Some have called the shocking twist of an ending an avoidance of the very issues Picoult raises, but the author herself claims it was inevitable and "fictionally necessary." Besides, it is the rare conclusion that causes a reader to revisit the prologue, and this one does precisely that.

Connelly has missed the point of My Sister's Keeper. The ethical and moral medical dilemmas are important to the story, but they are not its primary theme. While the novel is ostensibly about Anna fighting against being forced to give Kate a kidney, Picoult focuses most of her attention on the Fitzgerald family itself. Kate's illnesses are only a conduit for Picoult to explore the emotions in and dynamics of the family. Family is at the core of the book, not cancer. Numerous choices that Picoult made in the novel's construction, characterizations, and plot lines underscore this position.

For example, mother Sara has essentially missed the point of having a family. She has moved from crisis to crisis with Kate, without seeing how to spread her love and creating togetherness among the rest of the family. Even though times that Kate's cancer is in remission are presented as less stressful, Sara is constantly on guard for any recurrence. Not only does Sara know little about Jesse and Anna, but she does not even know much about the child she is trying to save because she never asks Kate what she wants. Sara has kept Kate alive for the next medical crisis, creating her own constant worry, and continually alienating both her husband and other children in small, but significant, ways. Yes, Sara has done the best she can under impossible circumstances, but she has an epiphany in the courtroom listening to Anna. Sara later apologizes to Kate, but still believes what she did was right.
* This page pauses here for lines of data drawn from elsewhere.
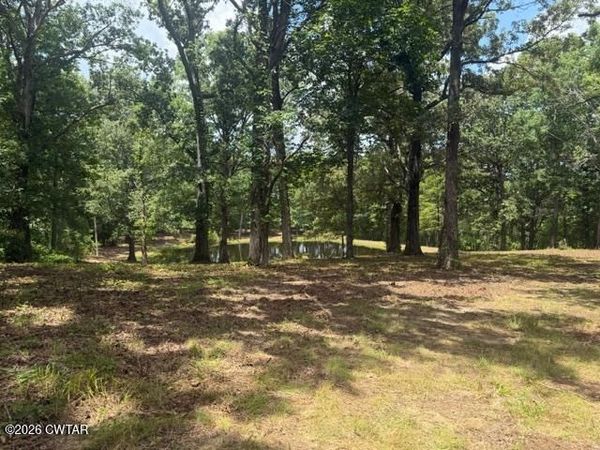 0 McBride Cemetery Road, Sardis, TN 38371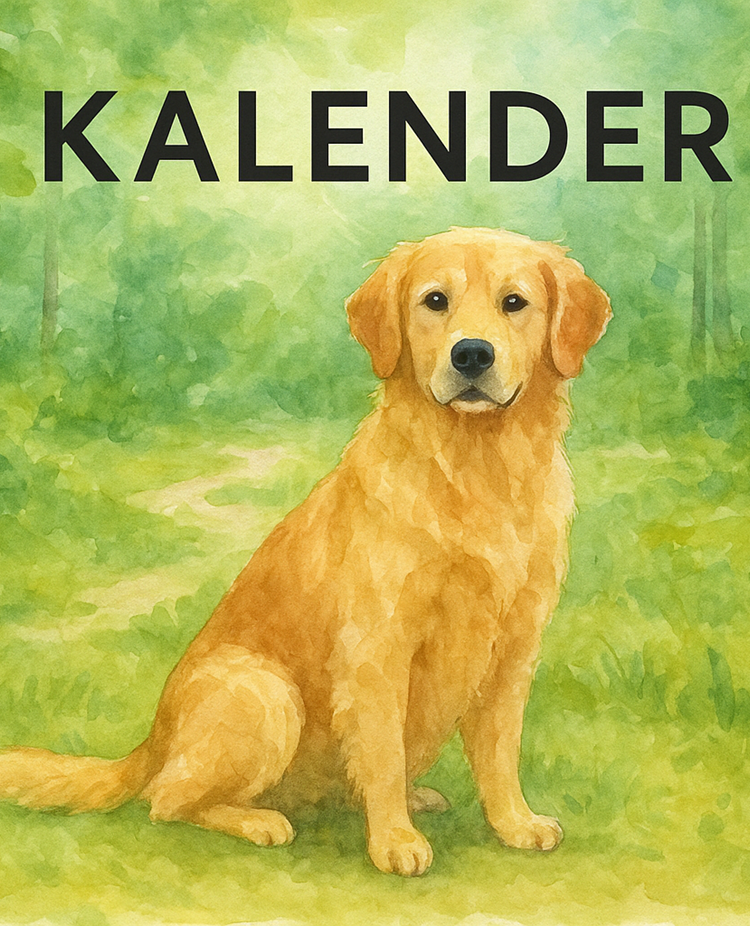 Herrljunga Brukshundklubb kalender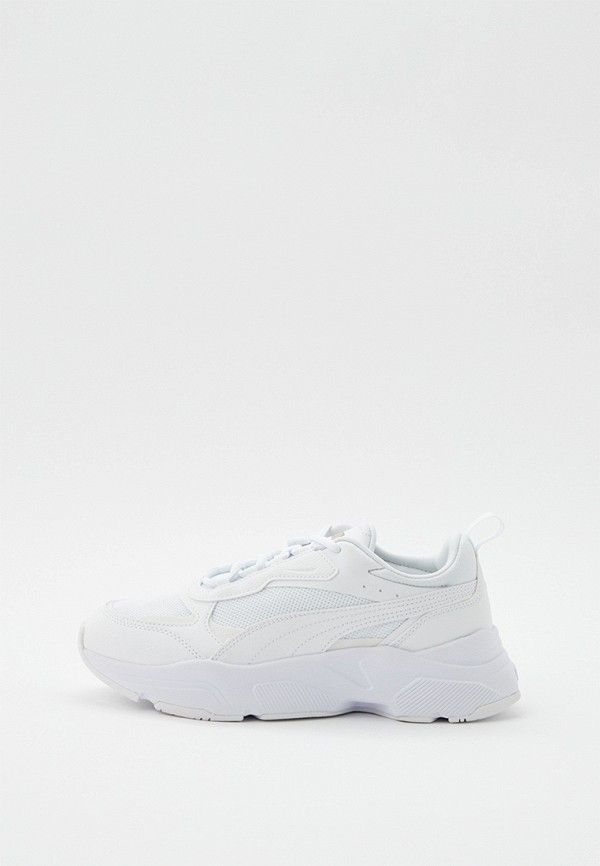 

Кроссовки PUMA, Белый, Cassia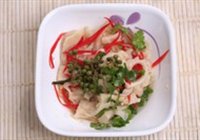 麻椒百叶丝的做法 步骤8
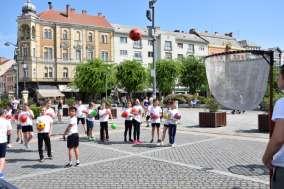 módjairól tartott előadást. Dr. Szabó Mihály pszichiáter az időskorra jellemző pszichés megbetegedésekről és azok megelőzéséről beszélt.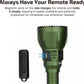 Olight Javelot Turbo 2 Long Throw Flashlight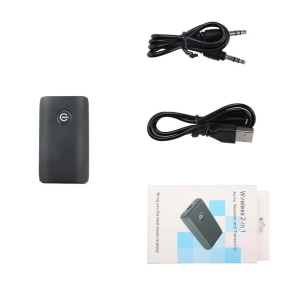 pachet adaptor bluetooth cu instructiuni si cabluri incluse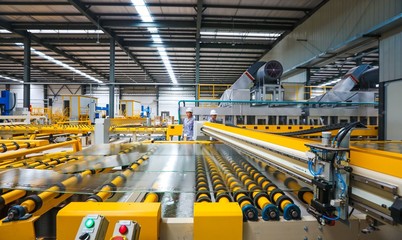 自貢市2023年上半年經濟觀察 GDP增長11.8%，化學工業成強勁引擎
To make certain that Sara, especially, truly understands the fragility of life, one of her daughters had to die by novel's end. Picoult foreshadows this scenario in the prologue. Readers know one of the sisters will die, and it seems logical that it would be Kate. However, the prologue makes it clear that it is not. When reading the book for the first time, a reader might note that there is no label on who is speaking in the prologue after noticing every part of each section begins with a name of whose voice and perspective is therein. Being drawn into the action of the novel, it is easy to forget that the person in the prologue is anonymous until the end. The epilogue is labeled "Kate: 2010," about eight years after the novel ends. Only then does the prologue become key to fully understanding what happened in the book, as Jackson notes.

The prologue and epilogue are also important because they are the only times that Kate speaks, and then only after Anna has been long gone. Kate is the only major character without a first-person voice and perspective in the main section of the novel. As in her family, everything in the novel revolves around Kate, but she is not heard. Her words are filtered through everyone else's opinions, wants, needs, desires, and expectations. While Anna listens to Kate, and Jesse helps her in his own, sometimes sly, way, Brian does not really seem to know his daughter. Because he cannot save her, he focuses on his job as a fire captain to save everyone else.

Sara has so intertwined keeping Kate alive with her own identity that she does not see Kate as a person. Sara believes that if Kate dies, she will, too, in some way. The family psychiatrist testifying on Sara's behalf, Dr. Neaux, agrees with Campbell when he states, "You might say that [Sara] defines her own ability to be a good mother by keeping Kate healthy. In fact, if her actions keep Kate alive, she herself benefits psychologically." Though it is natural for parents feel this way about their children, Sara takes it to a dysfunctional level. When Anna is testifying that Kate has tried to kill herself, Sara interjects. Sara believes that Anna misunderstood Kate. Anna tells her mother, "She couldn't tell you. She was too afraid if she killed herself she'd be killing you, too."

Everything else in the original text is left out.